Yesterday I attended a talk by Dr. Pierce Salguero of Penn. State University, part of a series of talks on Chinese medicine organized by Yi-Li Wu and Miranda Brown at the University of Michigan.
Professor Salguero started his talk by showing a map of Eurasia, and introduced the term ‘Indo-European Humoral Medicine’, which he uses to describe the common elements between ancient Indian, Greek, and Roman (and to some extent Persian) medical traditions, all of which recognized the four elements of earth, fire, water, and wind, as well as humors such as bile, phlegm, and blood. These ancient cultures were in close communication with each other and shared medical theories.
An independent and distinct style of medicine was developing on the other side of Eurasia: Classical Chinese medicine, as exemplified by the 2nd century C.E. text 《黃帝內經》(Yellow Emperor's Internal Classic). This was the medicine of “qi, yin-yang, and the five phases”, a conceptual framework quite distinct from that of ‘humoral medicine’.
These two distinct medicines were isolated from each other until the ‘waking up’ of the silk roads (including both land and sea routes), and by the 3rd century C.E. there was widespread communication via these routes.
Professor Salguero’s research focuses on the exchange of medical information and practices that were transferred across the silk road networks in the first millennium C.E. He has observed a close relationship between Buddhism and the medical information (goods, items) that was traded throughout this region; with Buddhism acting either as the vehicle for this information, or the inspiration for the transfer of this information.
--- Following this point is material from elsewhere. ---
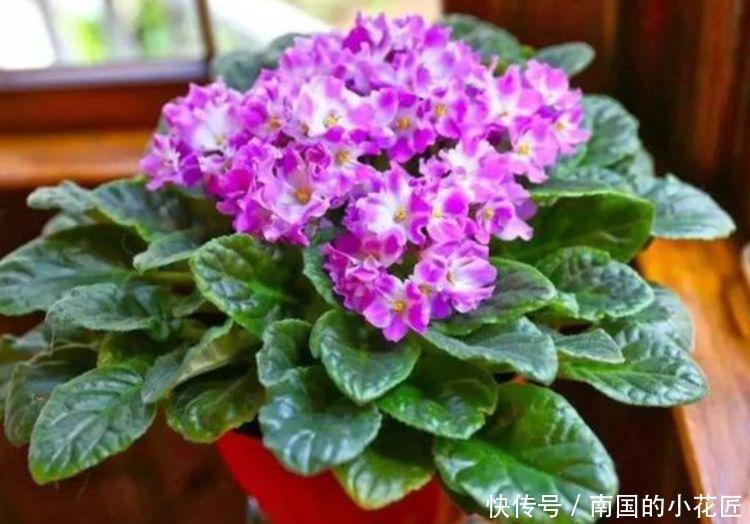  『喜欢』家养3种”四季花“，好养又漂亮，365天开花不断，你最喜欢哪一种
The medical exchanges included medicinal herbs, texts, rituals and deities, and even living individuals who traveled great distances along the silk road and were recorded as having great healing powers in texts of that time. It was during this ‘medieval’ period that the Chinese medicine pharmacopeia exploded – from 365 herbs in the original material medica 《神農本草經》(The Divine Husbander's Herbal Foundation Canon) to thousands of herbs by the Tang dynasty (618-906 C.E.).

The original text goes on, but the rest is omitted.